Certainty New and improved certainty

Windows 7 packs more drivers in and even Ubuntu has started supporting incredibly powerful hardware, should drivers be written by a community member or the manufacturer.

Newer graphics cards especially, along with sound cards and other multimedia devices will work with Windows XP still, but they also support Windows Vista/7; with DirectX being far more powerful than ever before, surely you'd want to take advantage of that?

Cost Go open source instead?

They said Windows XP was expensive at the time, but for what it was giving you in line with the global economy, it wasn't bad at all. Vista of course looked bad in terms of cost and Windows 7 is cheaper than ever. But as I've said, Ubuntu 9.10 is incredibly fast, reliable and works in line with how you've learned to use computers. So why not go whole hog and go open-source to a newer, better operating system instead?

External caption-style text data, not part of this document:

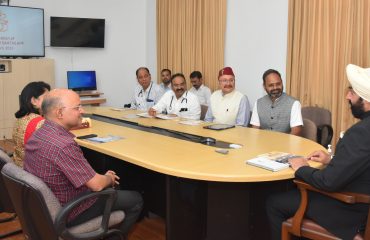 स्वामी विवेकानंद हैल्थ मिशन सोसाइटी के ‘चारधाम साथी’ मोबाइल एप्लीकेशन को लाँच करते हुए राज्यपाल।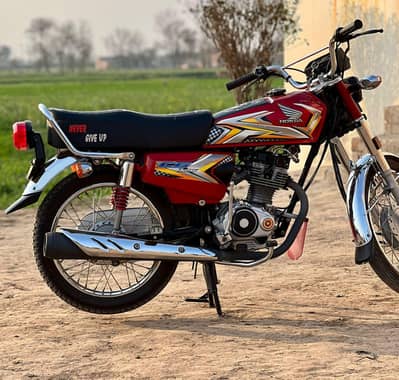 2025 modil Hy 24 k 12 mahne me nekli hy cal number 03027053775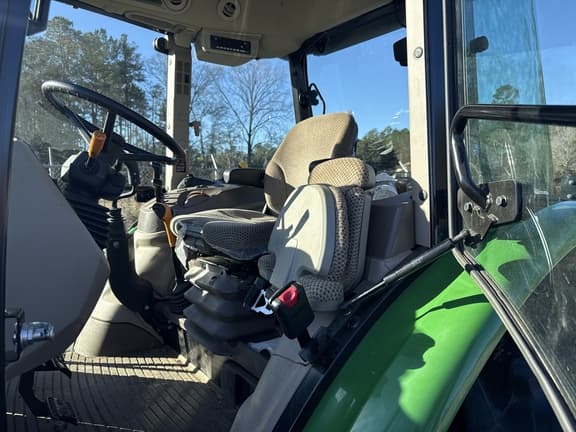 Image of John Deere 5105M equipment image 4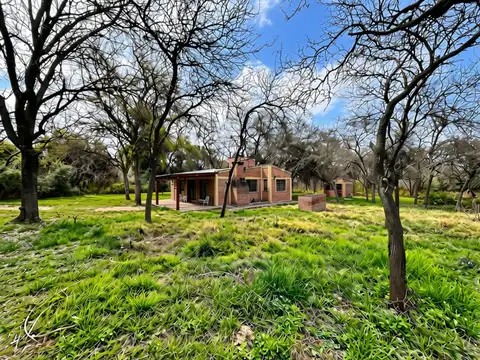 VENTA CASA VILLA DE LAS ROSAS 2 DORM GRAN PARQUE
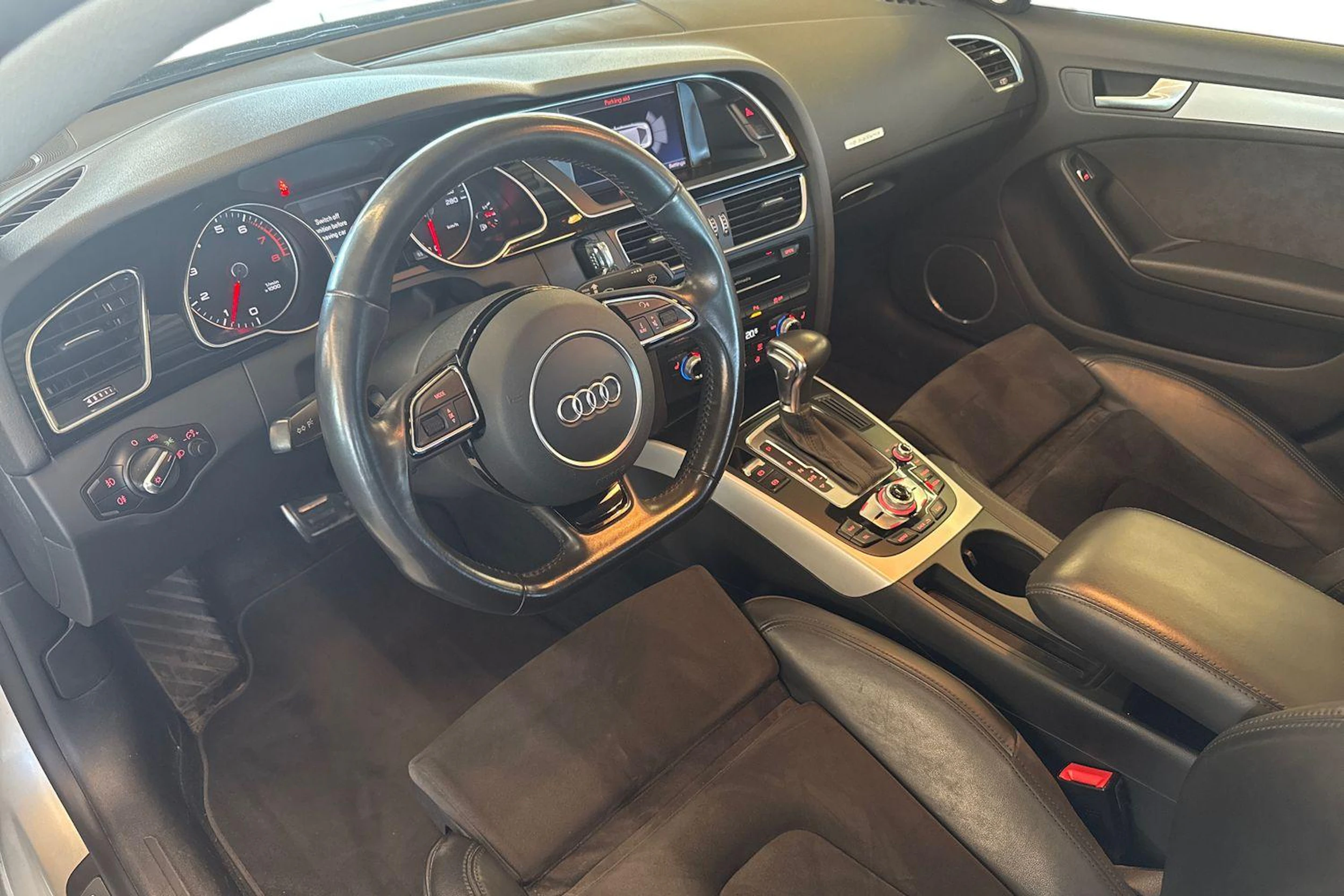 hopea Audi A5 2016 kuva 3.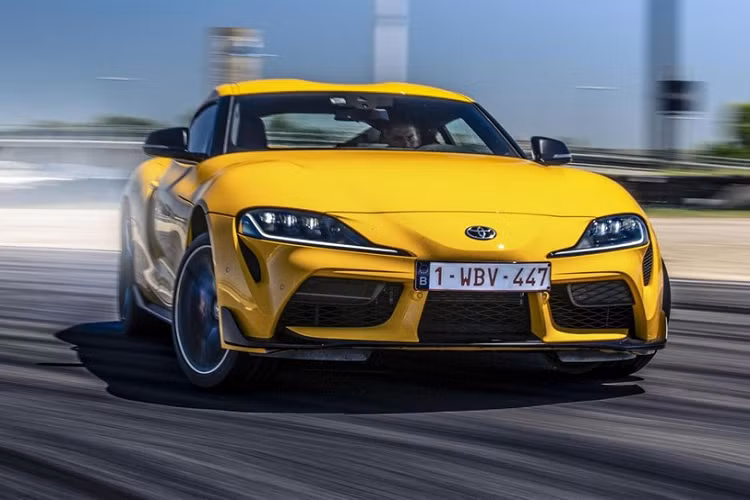 Trong giới xe hơi, có lẽ không ai không biết đến Chris Harris. Không chỉ từng viết cho nhiều tờ báo ôtô danh tiếng thế giới như Evo, Autocar hay Jalopnik, Harris còn là một tay đua và người dẫn của chương trình Top Gear tại Anh quốc. Mới đây, ông lên tiếng chỉ trích dòng xe thể thao Toyota GR Supra mới trên tài khoản Twitter cá nhân.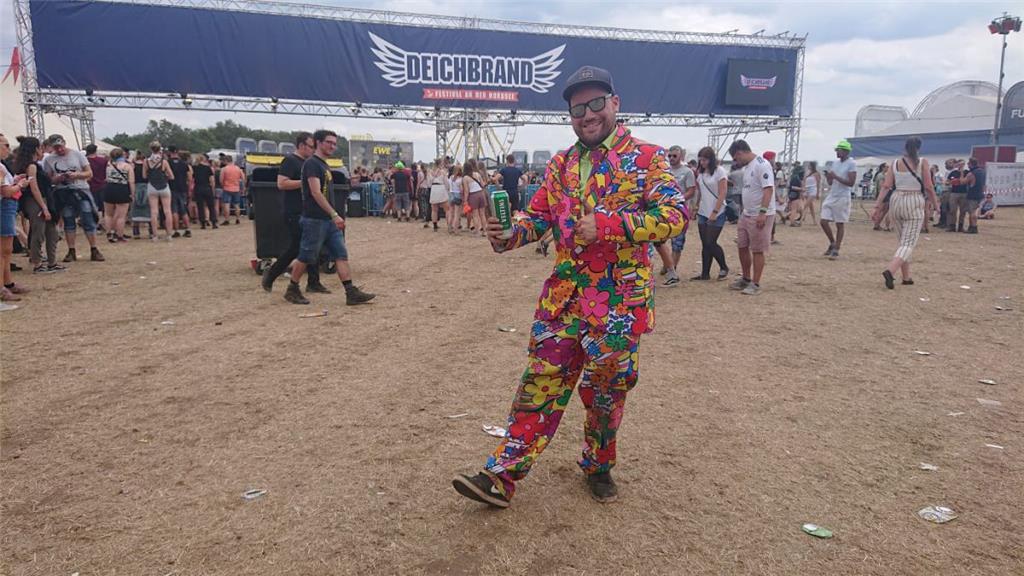 Flower Power beim Deichbrand mit Nico Klotz aus Leer. Foto: Klein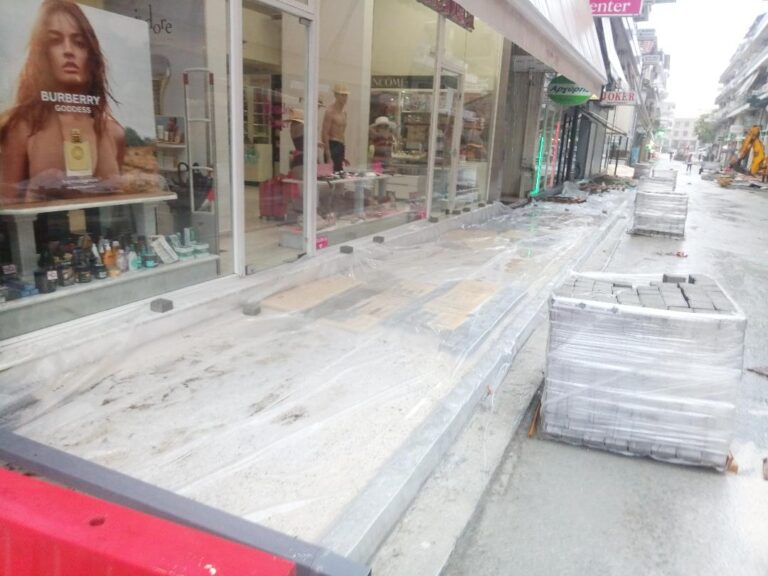 Με νάιλον σκέπασαν το πεζοδρόμιο στην Γαριβάλδη (φωτό)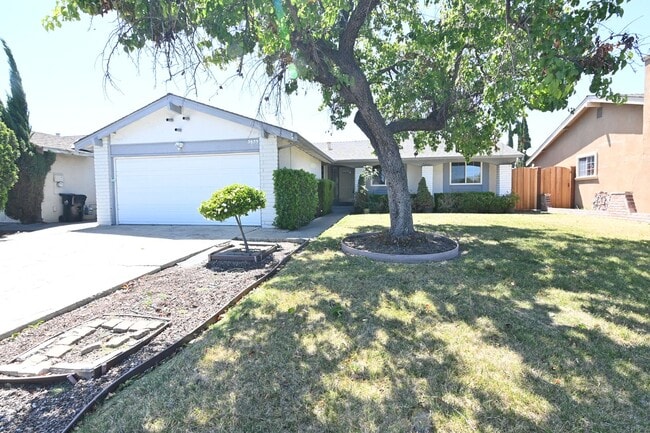 Building Photo - 5659 Lathrop Dr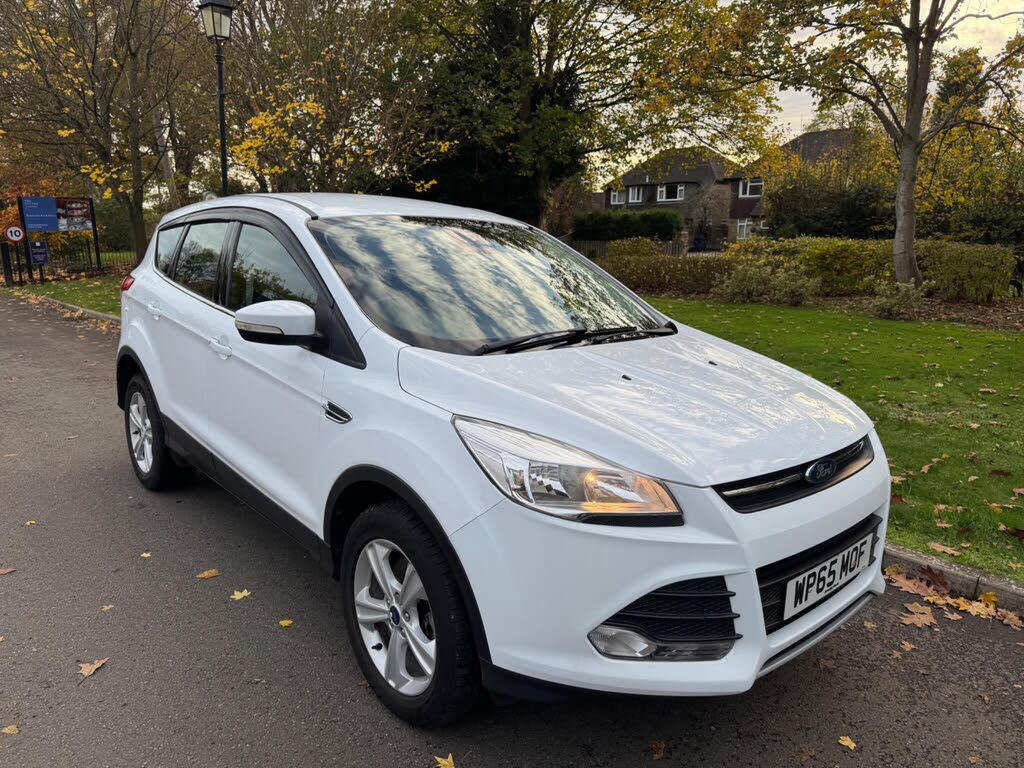 2015 Ford Kuga 2.0TDCi Zetec (150ps)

It's still supported by Microsoft ...but not for long

Yes, XP is still supported until 2014 but only because it has been, granted, rather popular. But if you are ready to get a new computer, whether it be a laptop or a fully-fledged desktop computer with all singing and dancing bells on, don't stick with XP.

Plus, you can't even buy Windows XP anymore off the shelf, and if you're unlucky enough to have it bundled with your new computer, then surely something doesn't strike right with the OEM. You and the manufacturers should be aiming for future-proofing, not sticking with relics from the old decade.

Developers still support XP Developers are going next-gen

Developers have been aiming forwards for a while now, by taking advantage of new technologies in-built into the latest operating systems. You wouldn't have TPM management on a Windows XP machine, so why not upgrade and get the best security features available (or rather was, had it not been recently hacked)?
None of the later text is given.